By 2023, the original campaign had faded from active rotation. However, as cricket fever built ahead of the Asia Cup and IPL season, The Womb and Fogg identified an opportunity to reintroduce the tagline to a new generation of viewers.

“Border 2.0” reunited the original actors and recreated the border scenario with minimal changes. The decision to essentially remake the same ad was risky. Sequels often feel desperate, and nostalgia plays can backfire. But the gamble paid off for several reasons.

For one, the core joke remained relevant. The India-Pakistan context had not fundamentally changed, and the border setting still conveyed the same blend of tension and familiarity.
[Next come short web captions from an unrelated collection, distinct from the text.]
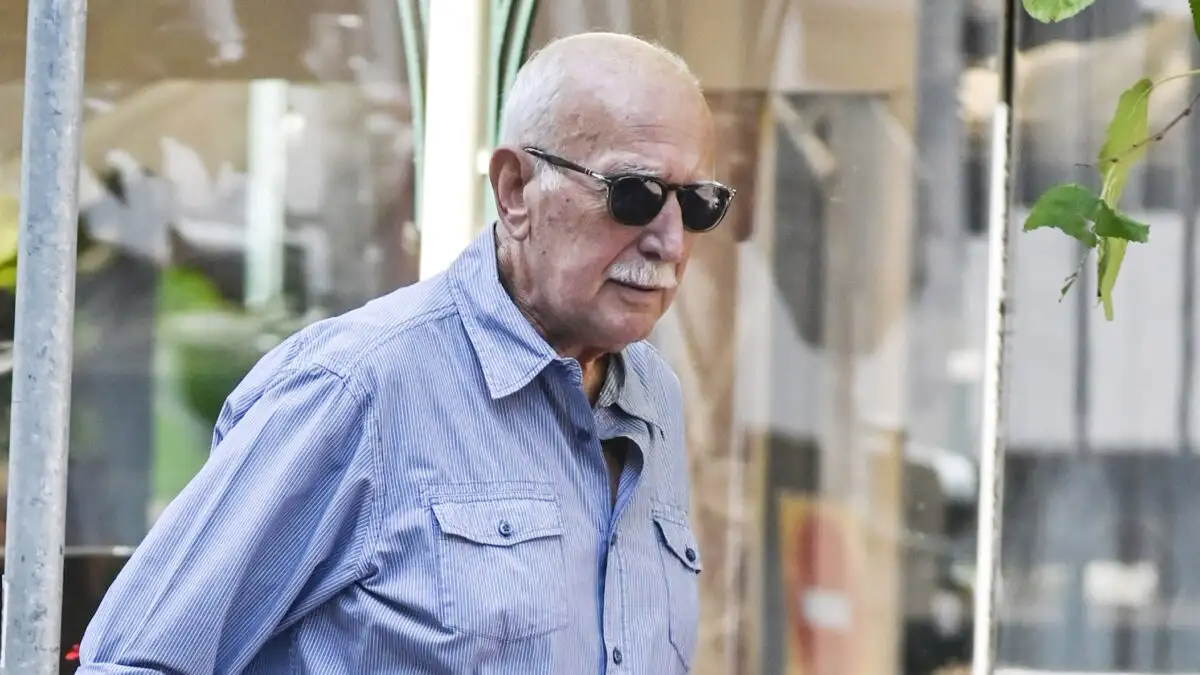 Το τελευταίο αντίο στον Γιώργο Παπαδάκη στο αποτεφρωτήριο Ριτσώνας (pics)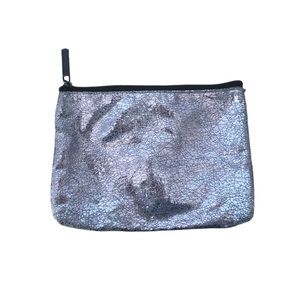Shiny Pouch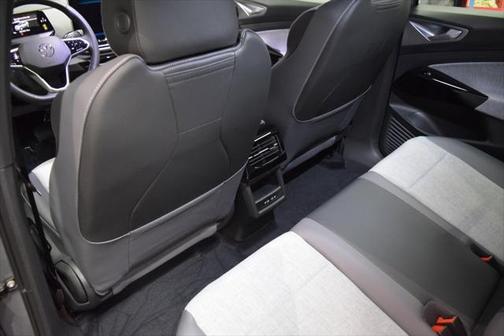 2025 Volkswagen ID.4 Pro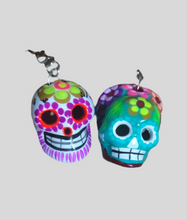 Cargar imagen en el visor de la galería, Llaveros calavera y llaveros tricolor
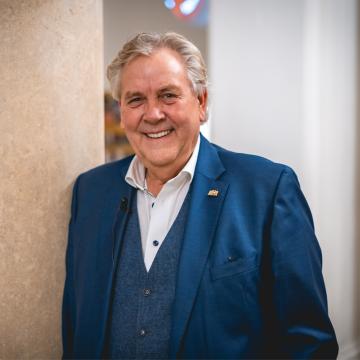 Albert Duin - Beisitzer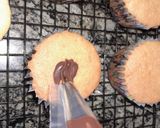 Foto del paso 5 de la receta: Cupcakes decorados ganache de chocolate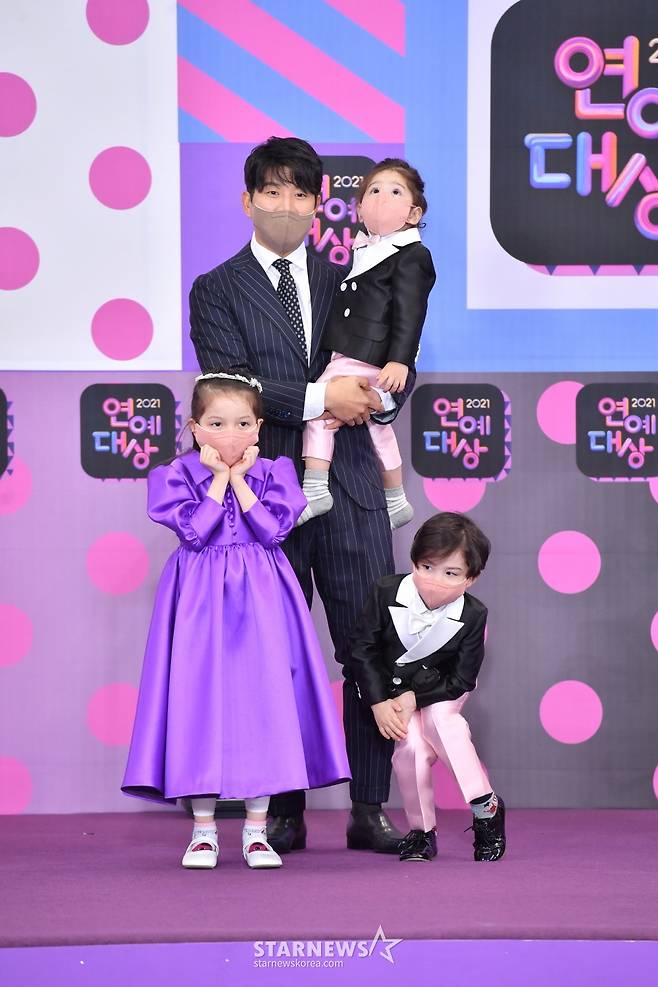 박주호, 박나은, 박건후, 박진우가 25일 오후 진행된 '2021 KBS 연예대상'에 참석해 포즈를 취하고 있다. /사진제공=KBS 2021.12.25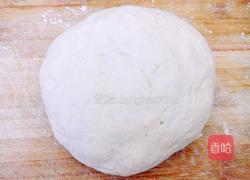 芹菜肉包子的做法图解1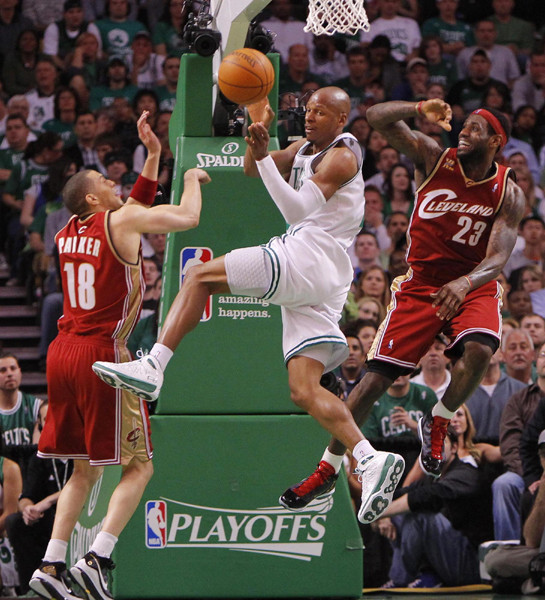 NBA：詹姆斯三双骑士黯然出局 绿衫军4:2晋级战魔术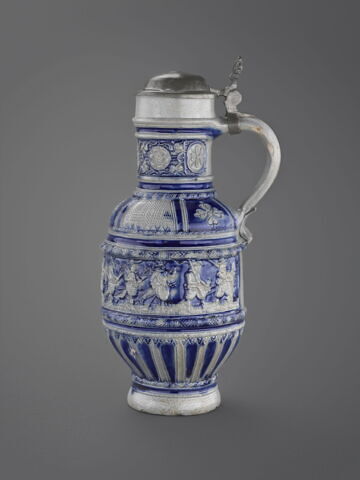 Cruche : frise d'arquebusiers, image 4/12
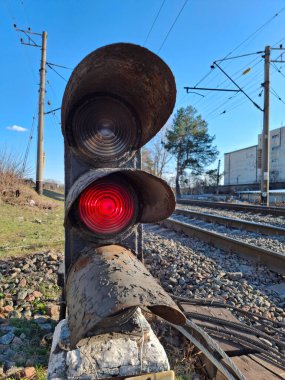 Demiryolu trafik lambası ve kırmızı ışık. Demiryolu trafik lambası - bir demiryolu üzerinde sinyal cihazı. Trafik ışığı kırmızıdır. Tren trafiği yasaktır.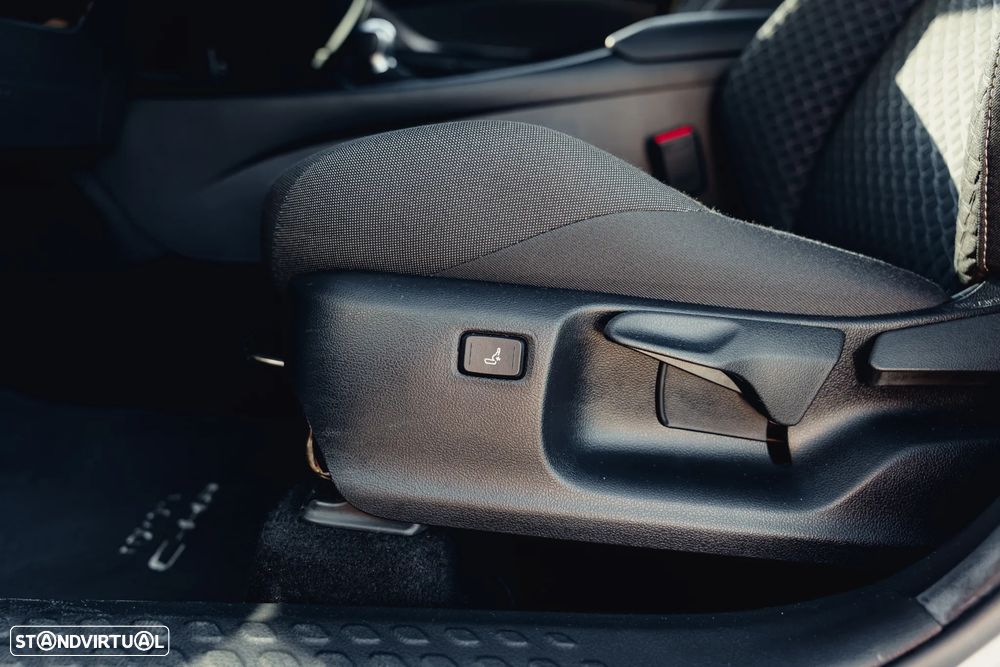Toyota C-HR - 27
More importantly, a large portion of the IPL’s young audience had never seen the original ads; for them, this was less a rerun and more a discovery.

Fogg committed heavily to the IPL platform, becoming the second-largest new advertiser by volume during the 2023 season. The spots aired across national and regional channels during high-stakes matches, including India vs. Pakistan games during the Asia Cup. The saturation strategy ensured maximum visibility during moments of peak viewership and emotional engagement.

The revival proved successful. Social media buzzed with “Fogg chal raha hai” references, and the phrase re-entered everyday conversation. One 2023 spot even featured Talreja himself on camera – a meta moment that acknowledged the campaign’s iconic status while keeping the humour fresh.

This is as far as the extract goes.